§ Your task:
Pictures do not belong in the copy; restate the records below word for word.
*** Data section Section Begins ***
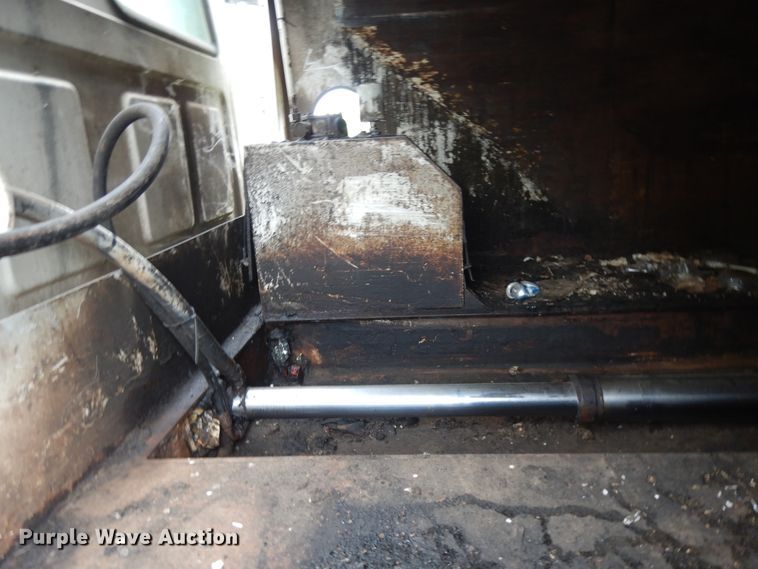 image for item ID9873 2006 Sterling Acterra  refuse truck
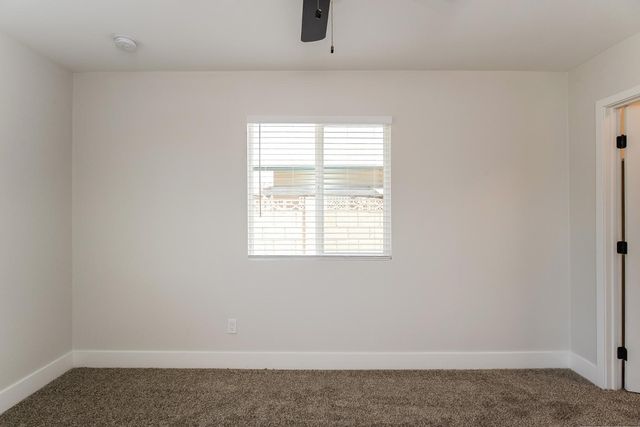 548 W Elena Avenue, Mesa, AZ 85210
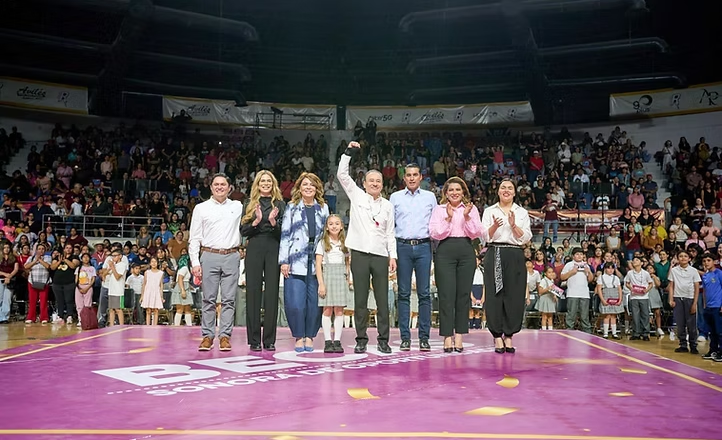 Avanza Sonora en educación: entrega Gobernador Durazo más de 4 mil becas a estudiantes de primaria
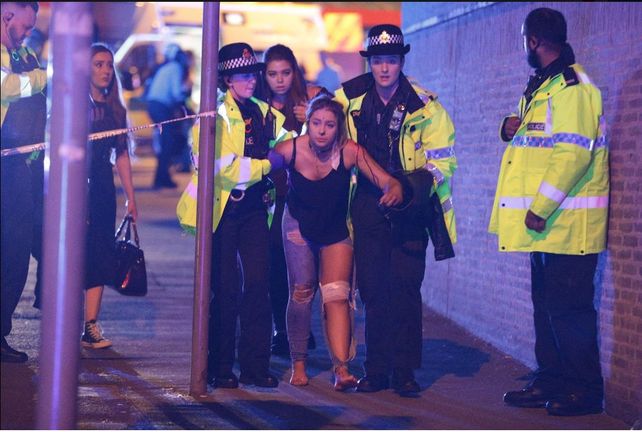 La policía británica confirmó al menos 19 muertes tras la explosión en Manchester
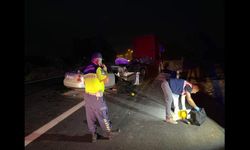 Emniyet şeridindeki TIR'a çarpan otomobilde 2 kişi hayatını kaybetti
*** Data section Section Ends ***
§ Response area:
 image for item ID9873 2006 Sterling Acterra  refuse truck
 548 W Elena Avenue, Mesa, AZ 85210
 Avanza Sonora en educación: entrega Gobernador Durazo más de 4 mil becas a estudiantes de primaria
 La policía británica confirmó al menos 19 muertes tras la explosión en Manchester
 Emniyet şeridindeki TIR'a çarpan otomobilde 2 kişi hayatını kaybetti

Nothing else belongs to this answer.